Three Massachusetts Institute of Technology students who were sued earlier this year by the Massachusetts Bay Transit Authority (MBTA) said Monday that they are now working to make the Boston transit system more secure.
The announcement brings to a close a high profile case that pitted the rights of security researchers to freely discuss their findings against the concerns of one of the country's largest transit systems, which worried that this type of information could lead to widespread ticket fraud. "I'm really glad to have it behind me. I think this is really what should have happened from the start," said Zack Anderson, one of the students sued by the MBTA.
Anderson, along with Russell "RJ" Ryan and Alessandro Chiesa, was prevented from giving a talk entitled "The Anatomy of a Subway Hack: Breaking Crypto RFIDs & Magstripes of Ticketing Systems" at the Defcon hacker conference last August.
The students had planned to show that they had reverse engineered the MBTA's CharlieTicket magnetic stripe tickets and CharlieCard smartcards.
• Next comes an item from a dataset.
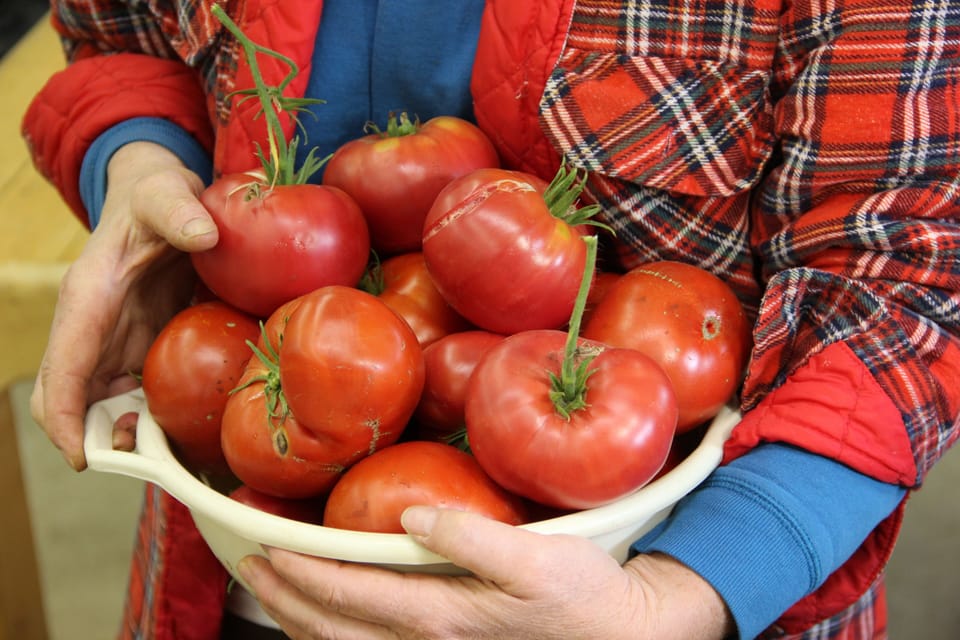 SummerGarden Tomatoes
The CharlieCard uses the same Mifare Classic RFID (radio frequency identification) technology that was cracked earlier this year by security researchers.
The MBTA had argued that the presentation could have caused "significant damage" to the transit system, but the students had said that they had no intention of releasing key pieces of information that would have allowed people to hack the system.
On Aug. 19, a judge threw out the MBTA's gag order, but the transit authority could have brought new motions against them, and so the case had been hanging over the MIT researchers.
The settlement ends the matter in an amicable way. "For professional reasons and for public interest reasons, the students wanted to help the MBTA," said Jennifer Granick, a lawyer with the Electronic Frontier Foundation who represents the students.
The case against the three was finally settled on Oct. 7, but this was not publicly announced until Monday, because it took two months for all parties to schedule a public announcement of the settlement, Granick said. The researchers met with MBTA technical staff on Oct. 21 to discuss their findings and are working to improve the transit authority's fare collection system, she added.
The MBTA could not be reached immediately for comment.